__REQUIRED WORK__: Exclude the images, then return every line below exactly as written.
BEGIN RECORDS TO PROCESS
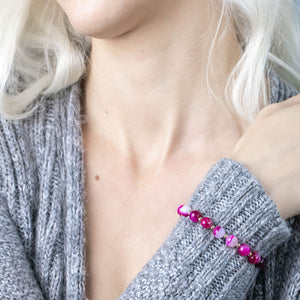 "Gemma" semi-precious gemstone bracelet in pink agate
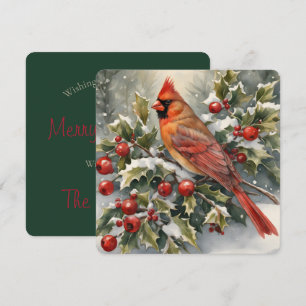 Watercolor Cardinal and Holly Christmas Card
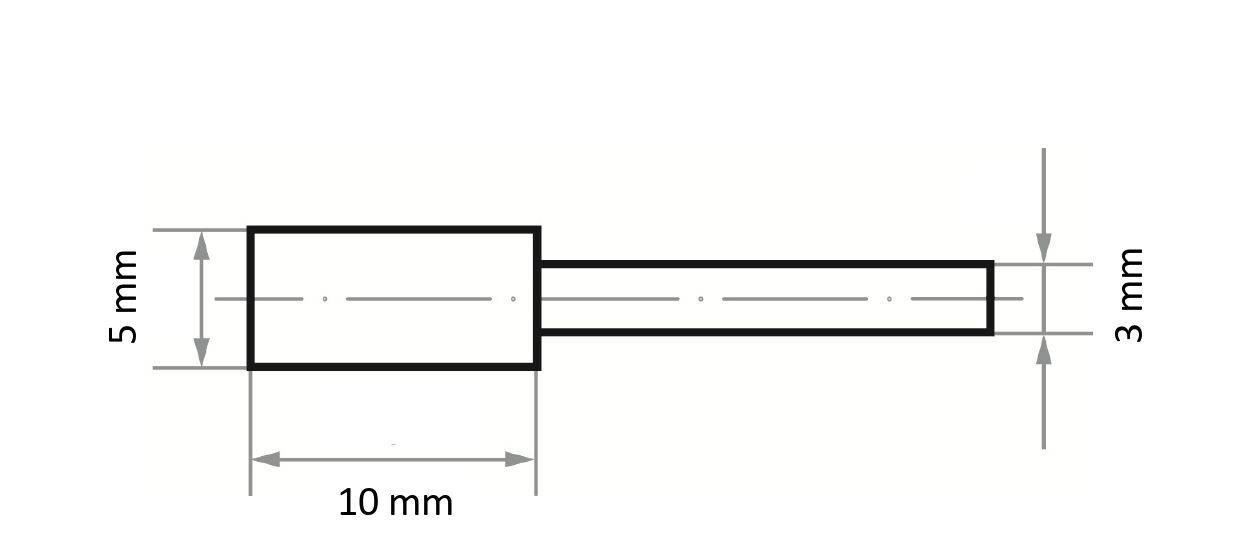Technische Zeichnung eines zylindrischen Objekts mit rechteckiger Grundfläche. Grundfläche misst 10 mm x 5 mm; Zylinder misst 3 mm im Durchmesser.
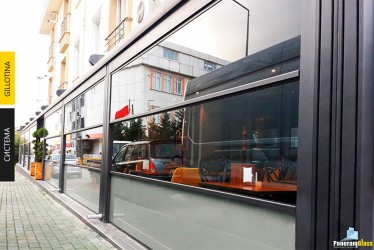 Горизонтальні вікна, автоматичні вікна, тераса ресторану, тераса кафе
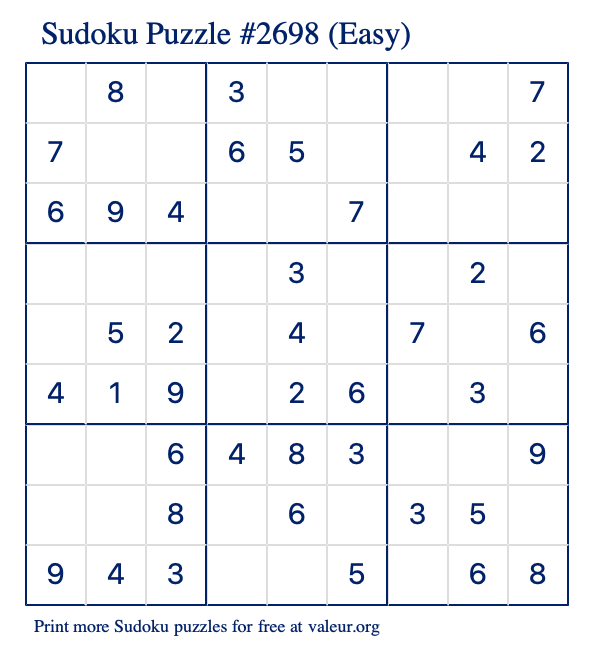 Free Printable Easy Sudoku Puzzle number 2698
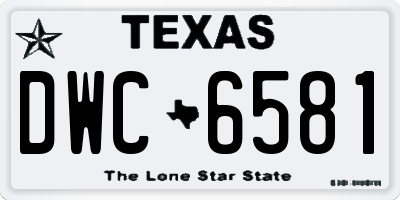 TX license plate DWC6581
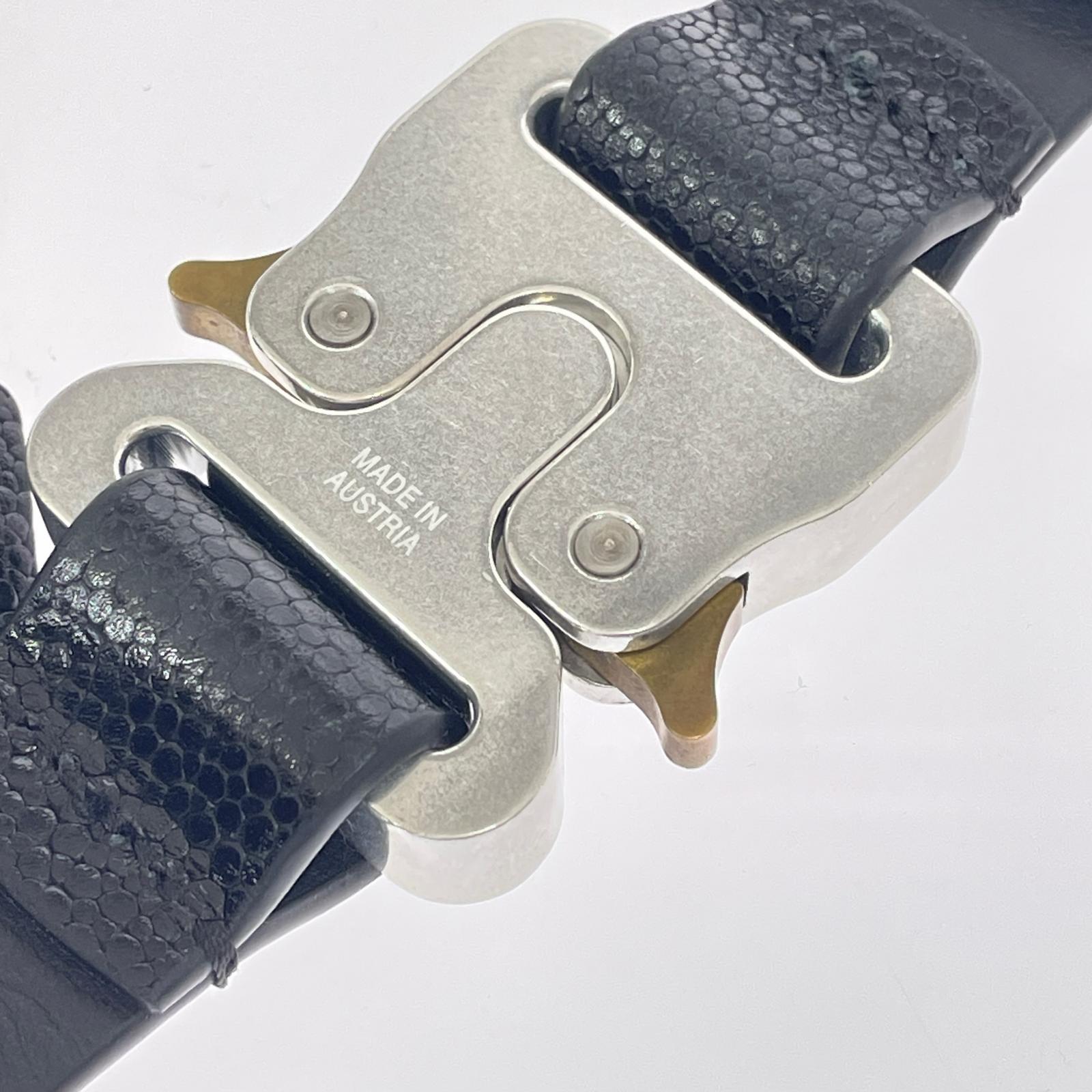 その他アクセサリー LEATHER MEDIUM BUCKLE BELT ブラック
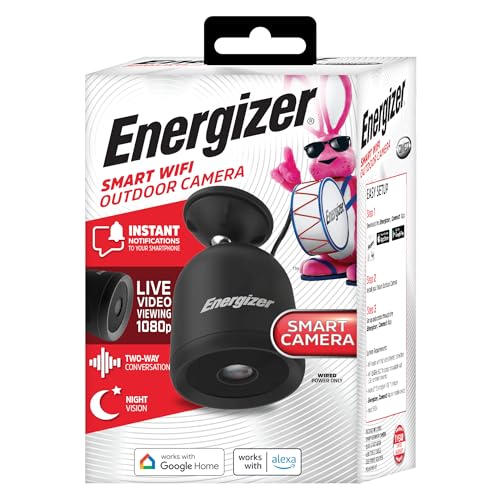 Energizer Smart Outdoor 1080P Security Camera with 2-Way Audio, Night Vision, Instant Alerts, Cloud Storage, Remote Access, Voice Control Compatible with Alexa & Google Assistant, Black - image 1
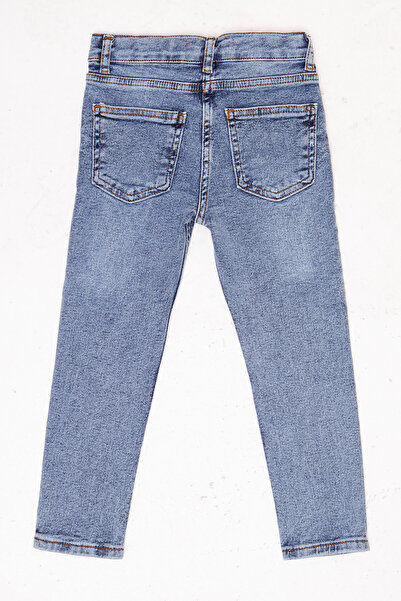 Lexsina Açık Mavi Erkek Çocuk Rahat Paça Slim Fit Jean Likralı Pantolon Beli Ayarlanabilir Lastikli Lx316f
END RECORDS TO PROCESS
__RESPONSE AREA__:
 "Gemma" semi-precious gemstone bracelet in pink agate
 Watercolor Cardinal and Holly Christmas Card
Technische Zeichnung eines zylindrischen Objekts mit rechteckiger Grundfläche. Grundfläche misst 10 mm x 5 mm; Zylinder misst 3 mm im Durchmesser.
 Горизонтальні вікна, автоматичні вікна, тераса ресторану, тераса кафе
 Free Printable Easy Sudoku Puzzle number 2698
 TX license plate DWC6581
 その他アクセサリー LEATHER MEDIUM BUCKLE BELT ブラック
 Energizer Smart Outdoor 1080P Security Camera with 2-Way Audio, Night Vision, Instant Alerts, Cloud Storage, Remote Access, Voice Control Compatible with Alexa & Google Assistant, Black - image 1
 Lexsina Açık Mavi Erkek Çocuk Rahat Paça Slim Fit Jean Likralı Pantolon Beli Ayarlanabilir Lastikli Lx316f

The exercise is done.